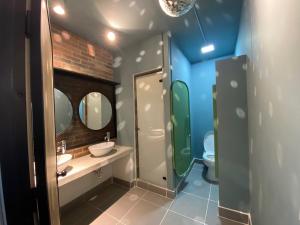 a bathroom with a sink and a toilet and two mirrors at 103 Wonderful House in Bogotá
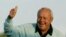 Obit-Arnold Palmer: File- This April 5, 2007, file photo shows former Masters champion Arnold Palmer acknowledging the crowd after hitting the ceremonial first tee shot prior to the first round of the 2007 Masters golf tournament at the Augusta National Golf Club in Augusta, Ga. Palmer, who made golf popular for the masses with his hard-charging style, incomparable charisma and a personal touch that made him known throughout the golf world as "The King," died Sunday, Sept. 25, 2016, in Pittsburgh. He was 87. 
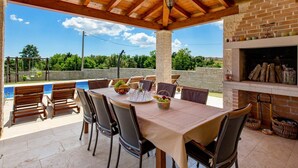 Une terrasse extérieure avec une table et des chaises, une cheminée en briques et une vue sur le paysage environnant.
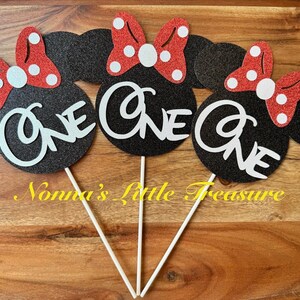 May include: Three black glittery mouse-shaped cake toppers, each featuring a red glittery bow with white polka dots and the word One in white script lettering. Each topper is attached to a thin white stick for placement in a cake or dessert.
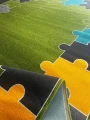 zdjęcie, fragment,  zielony dywan szkolny, dywan przedszkolny,  dywan fit puzzle zielony , powierzchnia i  spód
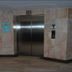 Suriwongse Hotel, Bangkok elevator with marble walls and stainless steel doors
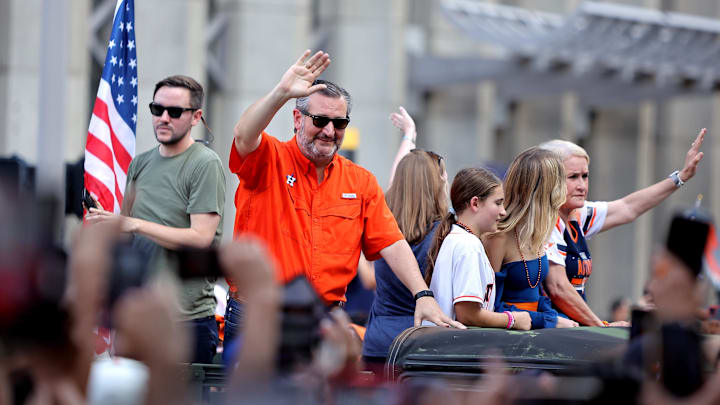 Nov 7, 2022; Houston, Texas, USA; State senator Ted Cruz (orange) waves to the crowd during the Houston Astros Championship Parade in Houston, TX. Mandatory Credit: Erik Williams-Imagn Images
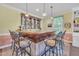 Entertain in style at this wet bar with custom cabinetry and seating at 107 Stargrass Ave, Clayton, NC 27527
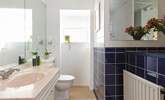 A traditional bathroom with bath and overhead shower. - Thumbnail Image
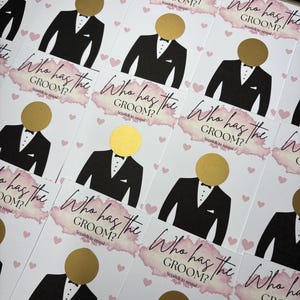 May include: A collection of rectangular game cards featuring the text Who has the GROOM? Scratch to reveal. Each card displays a black tuxedo illustration with a circular gold scratch-off sticker for the head, accented by pink watercolour and hearts.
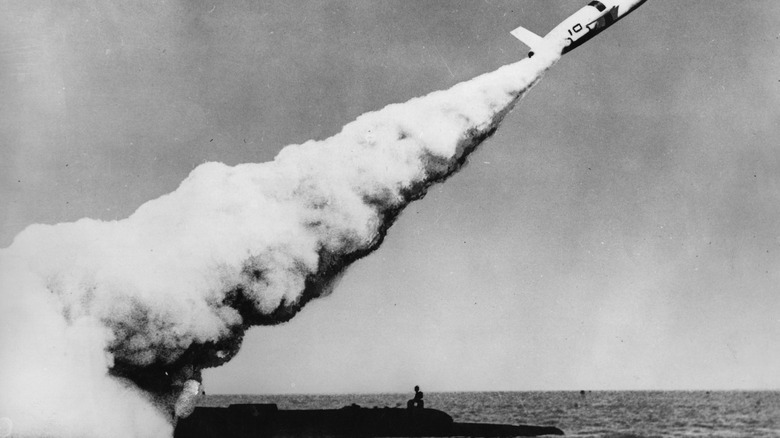 black and white photo of submarine launching missile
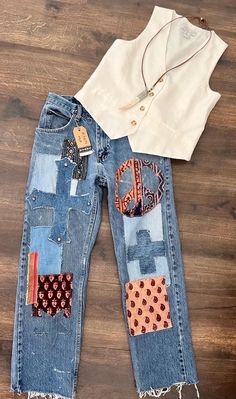 an old pair of jeans with patchwork on them and a white t - shirt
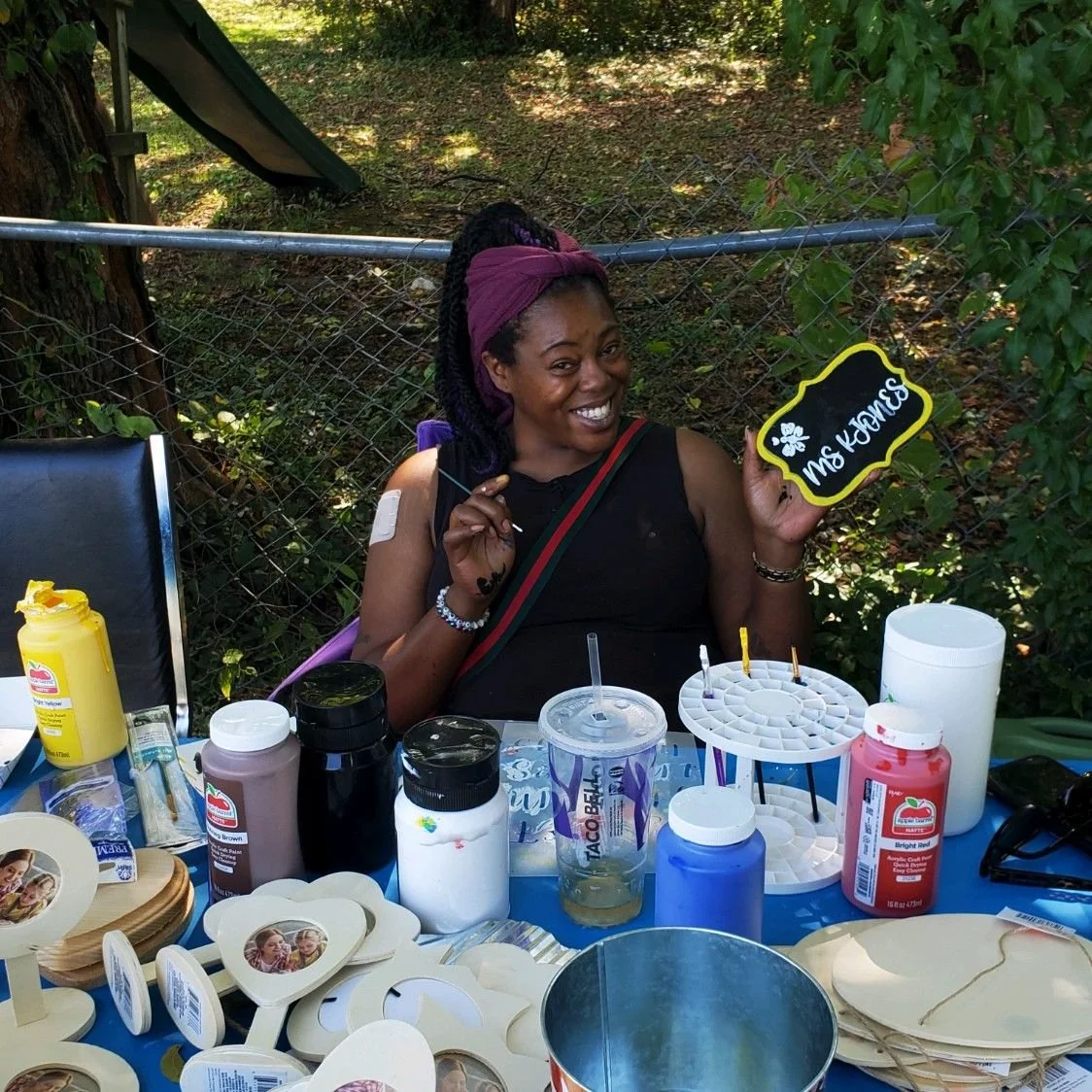 A woman sitting at a table outdoors, smiling and holding a small chalkboard sign that says 'Ms. Kianse.' The table has supplies like bottles of paint, cups, and wooden heart-shaped photo frames.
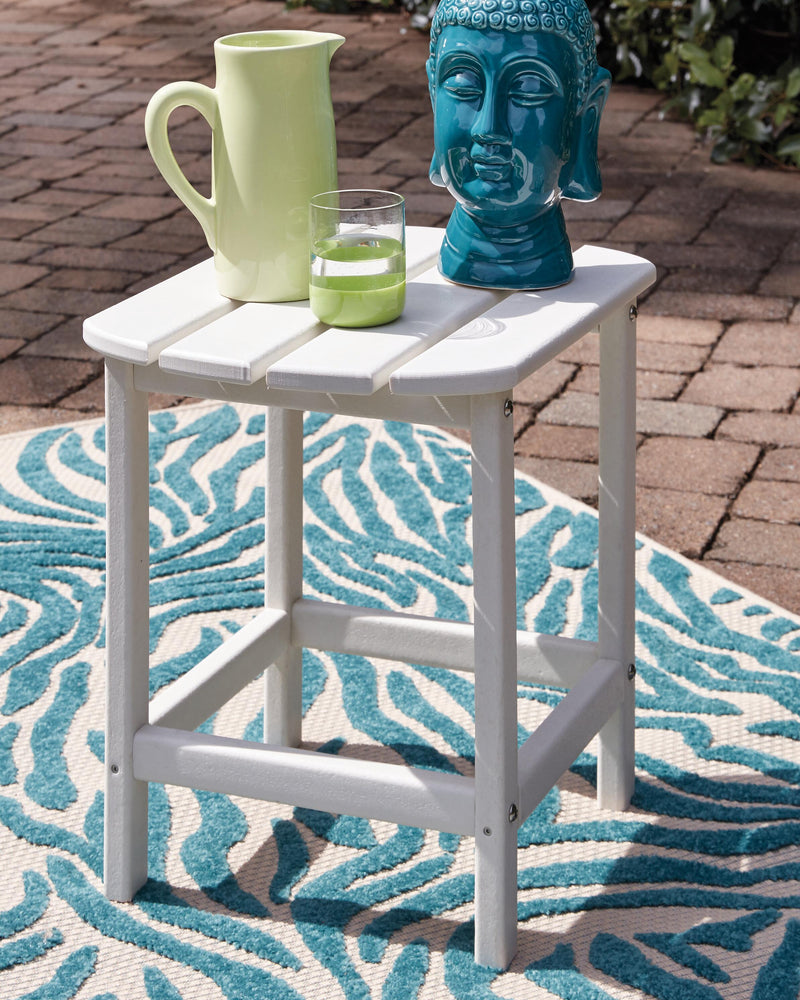 Outdoor table set from Ashley Furniture's Sundown Treasure collection, featuring a table and seating for outdoor relaxation.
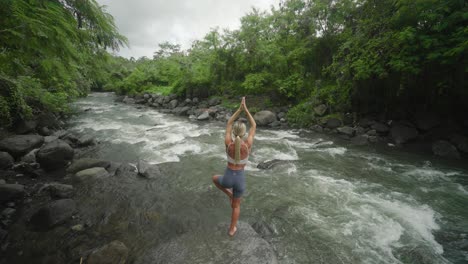 Cuerpo-Tonificado-Femenino-Practicando-La-Pose-Del-árbol-Vrikshasana-En-Una-Roca-Al-Lado-Del-Río,-Bali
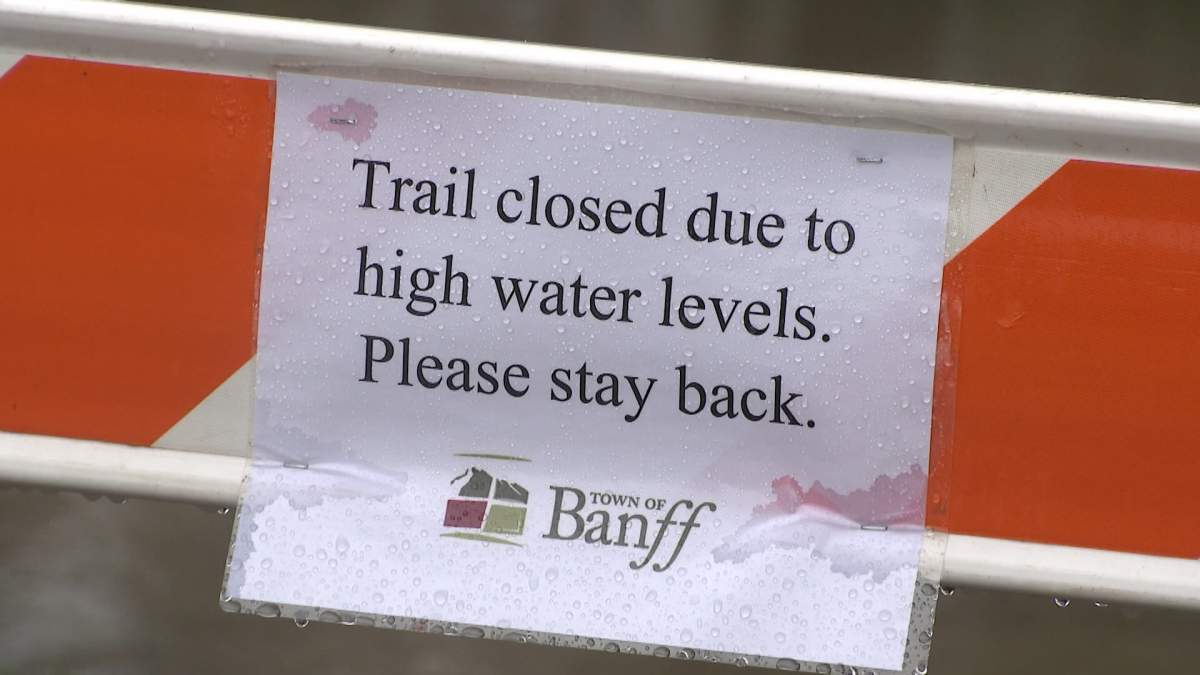 A sign in Banff notifying the closure of a trail.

• • • •

## EXERCISE OBJECTIVE
Above are the records; please give again, exactly and in full, only the lines that run from the line with "Une terrasse extérieure" through the line with "dywan szkolny, dywan", with no pictures.

## WRITTEN ANSWER
 Une terrasse extérieure avec une table et des chaises, une cheminée en briques et une vue sur le paysage environnant.
 May include: Three black glittery mouse-shaped cake toppers, each featuring a red glittery bow with white polka dots and the word One in white script lettering. Each topper is attached to a thin white stick for placement in a cake or dessert.
 zdjęcie, fragment,  zielony dywan szkolny, dywan przedszkolny,  dywan fit puzzle zielony , powierzchnia i  spód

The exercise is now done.